A few years ago, I completed an evaluation of a leadership development program, which required me to interview dozens and survey hundreds of senior managers. Many of these managers expressed an interest in seeing the report when it was released, and I had hoped to be able to get back to them with a link to it at the time.

In a move that I now understand is pretty typical (in this country at least), the client organization released the report only to the program providers, but did not go ahead and release it publicly at all (even deciding not to officially finalize the report, keeping it as a “draft”, which presumably made it easier to bury). Although some current program participants were invited to a presentation summarizing the key findings, the report was not made available to them, let alone the general public. As in the case of Samantha’s organization, there is always the option of putting in an Official Information Act request just to see the report, but this could be seen as a potentially career-limiting move for a program recipient whose future may depend on the funding organization’s views of him or her (e.g., as a troublemaker).

I do keep Dan Stufflebeam’s advice in mind when going into these contracts now, but I am also acutely aware that the evaluator is sometimes (often?) a relatively powerless force compared to the funding agency, especially when the funder is very risk-averse with respect to media coverage, for example.

Quite apart from evaluation findings being of interest and importance to all those right-to-know audiences (not to mention the general public), this is one reason why it’s hard to share examples of our most methodologically interesting work with evaluator colleagues around the world.

I’m interested in how other evaluators around the world might have successfully navigated this issue in the face of similar political forces.

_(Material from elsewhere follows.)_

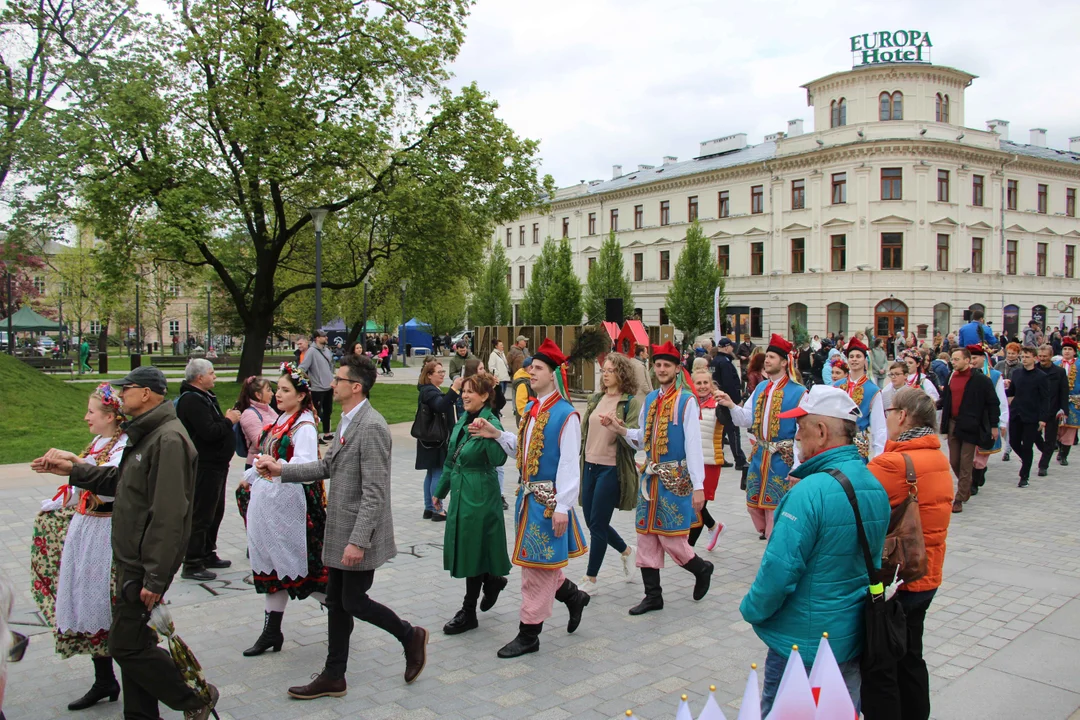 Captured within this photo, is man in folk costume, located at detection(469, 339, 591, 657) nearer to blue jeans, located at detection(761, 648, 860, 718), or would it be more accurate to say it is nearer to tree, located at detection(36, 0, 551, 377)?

If you have a story or some advice to share, please access the post page and contribute a comment!

Samantha graciously agreed to an audio of her keynote address to be made available to anzea members, so I am posting it here for them, and others who may be interested (with apologies for not-brilliant quality). [If you can’t see the audio play button, please go to the post page and access it there.]

Listen to Samantha Lundon’s anzea 2012 keynote (or right-click to download it for later)

[Those listeners not from New Zealand should be aware that, as is traditional here, Samantha introduces herself in Maori at the beginning, but her presentation is in English, so just hold for that!]

3 comments to Who are the right-to-know audiences in evaluation?

  • Vidhya Shanker

    I don’t have a solution, I’m afraid, but at the risk of appearing to self-promote: I am co-presenting 2 back-to-back interactive sessions that raise for discussion the power dynamics among funders, evaluators, and those organizing for social/ racial/ economic/ gender justice precisely because my colleagues and I would like to deconstruct and re-imagine the system as it currently is in place. All are welcome Thursday (10/25, The Revolution Will Not Be Culturally Competent) afternoon from 1-4pm in 205B–together we can revolutionize rather than simply reform!

  • Tinashe Mujuru

    It is always important to note that stakeholders are key players when it comes to result based programming. Therefore i personally think that all beneficiaries direct and indirect should be given that priority. Although donors want to know the effectiveness of their funding……there is also need to inform the people who were being affected by the problem being addressed so that they feel involved and would also ensure coorperation…..and buy in in future initiatives…..

  • Hi Jane, I have had at least two major evaluation reports which have been buried for years which I could not get people to release, they weren’t at a program level but at a more systems level. Decision-makers often want information for themselves but naturally given the politics of decision-making they are reluctant to release it. I think that we need to have a more structured and institutionally independent approach to evaluation than we have now.